Zwar schießt kein Spieler in der Serie A (39 Mal) und der Champions League (elf Mal) so häufig aufs Tor wie Ronaldo, doch des Öfteren sind es eher Verzweiflungsversuche. "Wo Ronaldo in seinem ersten Jahr bei Juve noch den besser postierten Mitspieler gesucht hat, versucht er jetzt auf eigene Faust. Man kann seine Frustration auf dem Platz förmlich greifen", schrieb die Zeitung "Corriere dello Sport".
50 Torschüsse in 14 Pflichtspielen sind für Ronaldo nichts Ungewöhnliches, die Zahlen decken sich in etwa mit denen aus seiner Zeit bei Real Madrid. Doch die Erfolgsquote ist in dieser Saison deutlich schlechter. Mit sechs Scorerpunkten (fünf Tore, ein Assist) liegt Ronaldo im internationalen Vergleich mit Europas Topligen auf dem geteilten 78. Platz - mit Sebastian Andersson von Union Berlin und Florian Niederlechner vom FC Augsburg.

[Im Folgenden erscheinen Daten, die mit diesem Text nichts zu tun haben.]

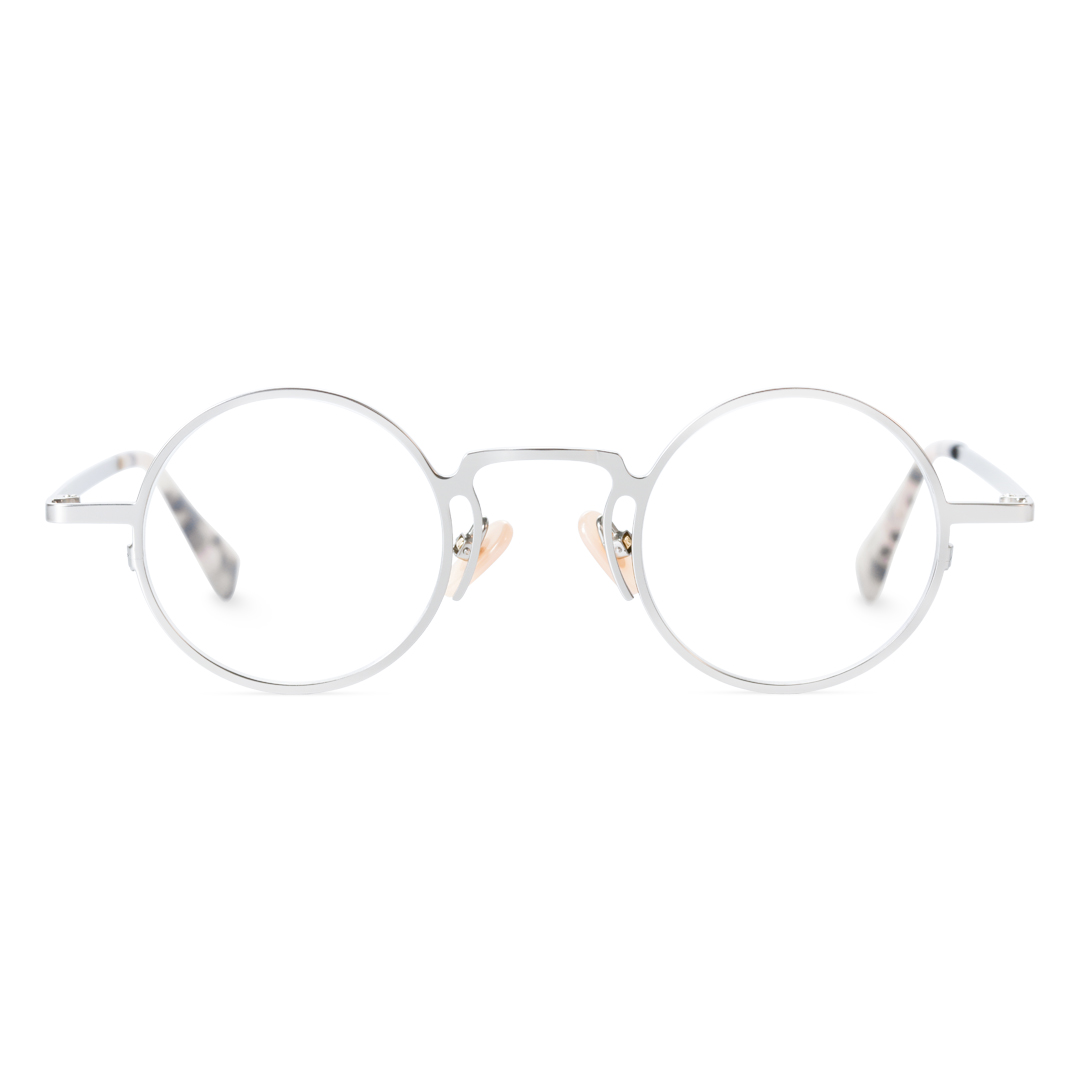 Front view of Adonis round metal eyeglasses in silver. SPU: RM0102407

Dramatischer Einbruch bei der Torquote
Für Italiens Trainerlegende Fabio Capello hängen Ronaldos Leistungen eng mit seinem Frust-Abgang nach dem Milan-Spiel zusammen.

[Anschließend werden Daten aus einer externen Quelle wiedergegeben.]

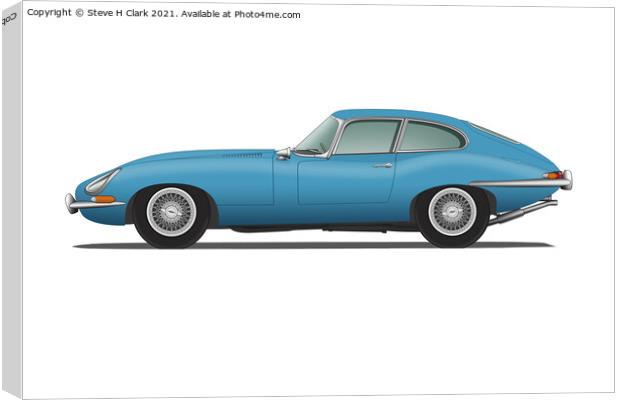 Jaguar E Type Fixed Head Coupe Cotswold Blue Canvas Print by Steve H Clark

"Die Tatsache, dass er nicht auf der Bank saß und Sarri beschimpfte, gibt kein schönes Bild ab. Man muss ein Champion sein, auch wenn man ausgewechselt wird, nicht nur, wenn alles gut läuft. Derzeit geht es ihm nicht gut. Er hat seit drei Jahren keinen Gegner mehr ausgespielt. Ich erinnere mich, als er seine Gegner überholt hat und sie zurückließ. Jetzt passiert das nicht mehr", sagte Capello.
Mag sein, dass Ronaldo mit mittlerweile 34 Jahren nicht mehr so leichtfüßig Gegenspielern davonrennt, aber er war stets ein absoluter Torgarant. In seiner letzten Saison für Real Madrid traf er im Schnitt alle 83 Minuten. Seitdem er bei Juve ist, fällt die Quote dramatisch: Alle 130 Minuten im ersten Jahr, aktuell sind es 202 Minuten.

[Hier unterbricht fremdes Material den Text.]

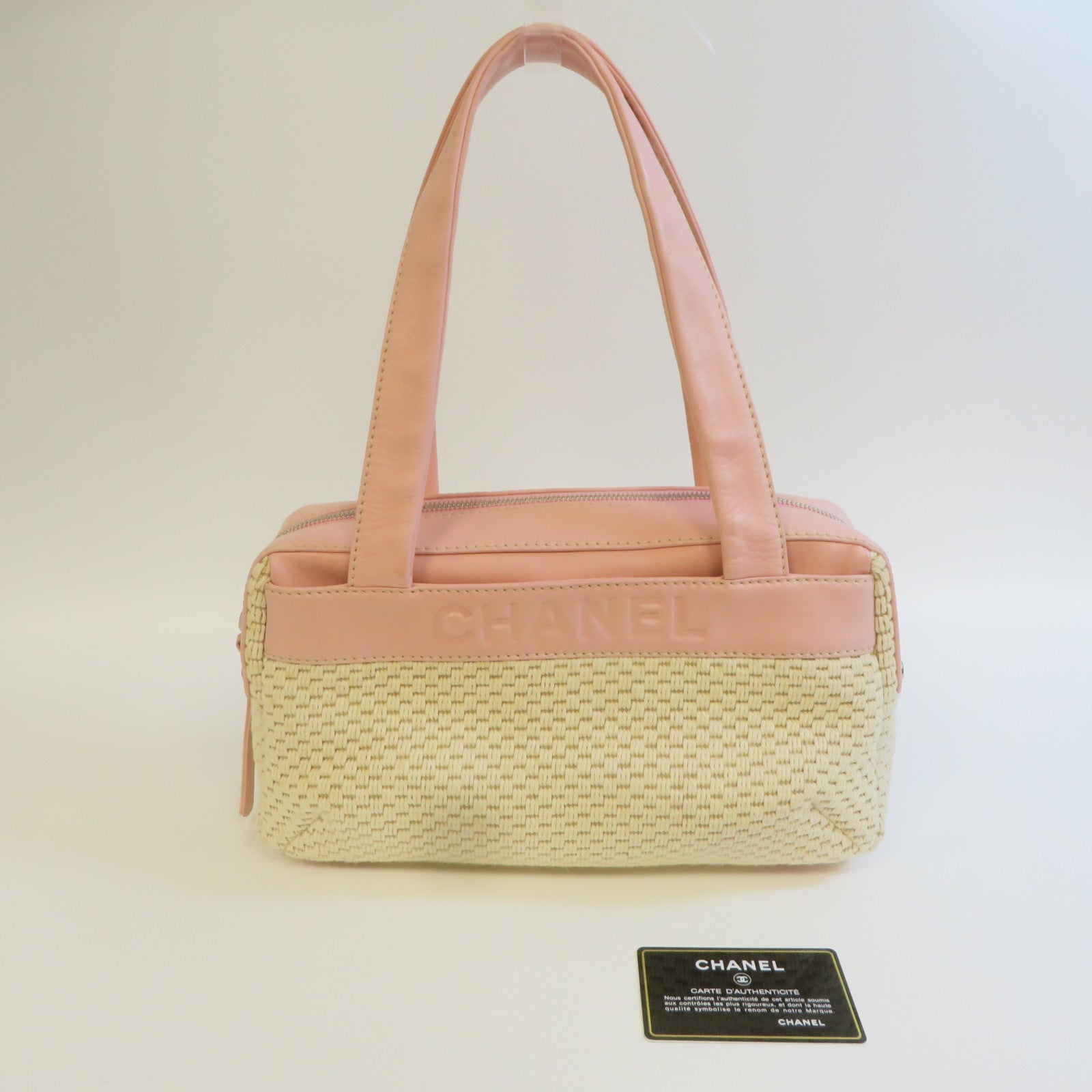 CHANEL 帆布Shoulder Bag銀扣肩背袋粉紅色/白色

Portugals Fußball beherbergt 29 Cristiano Ronaldos
Es ist Ronaldo selbst, der sich bei der Beurteilung seiner Leistungen gerne an seinen Toren messen lässt. Insofern kann auch er selbst nicht mit seinem Ertrag zufrieden sein. Und eine Sache dürfte ihn zusätzlich wurmen: Dass ein anderer Juve-Spieler derzeit die positiven Schlagzeilen bestimmt. Paulo Dybala ist nämlich quasi das Gegenstück zu Ronaldo. In der letzten Saison hat der Argentinier unter Ronaldos Allmacht bei Juve gelitten, in dieser Saison blüht er auf. Gegen Milan erzielte er das entscheidende 1:0 - als Einwechselspieler für Ronaldo.
Ob und inwieweit Ronaldos unrühmlicher Abgang in dieser Partie noch ein Nachspiel haben wird, ist ungewiss. Sarri will das der Mannschaft überlassen. "Wenn Cristiano vor dem Ende gegangen ist, ist es ein Problem, das er mit seinen Kollegen lösen muss", stellte er klar. Er habe ihn ausgewechselt, weil Ronaldo auf ihn angeschlagen gewirkt habe, so Sarri.
Davon war im Training der Portugiesen nichts zu sehen. Seine Heimat erlebt einen anderen Ronaldo. Und seine Landsleute liegen ihm ohnehin zu Füßen, egal wie gut oder schlecht er derzeit im Verein spielt. Der "Bleacher Report" berichtet, dass es in der Datenbank des portugiesischen Verbandes 29 Spieler mit dem Namen Cristiano Ronaldo gibt. Alle wurden nach dem ersten Profispiel des Originals geboren. Der letzte im Februar 2003, wenige Monate nach Ronaldos Debüt bei Sporting Lissabon.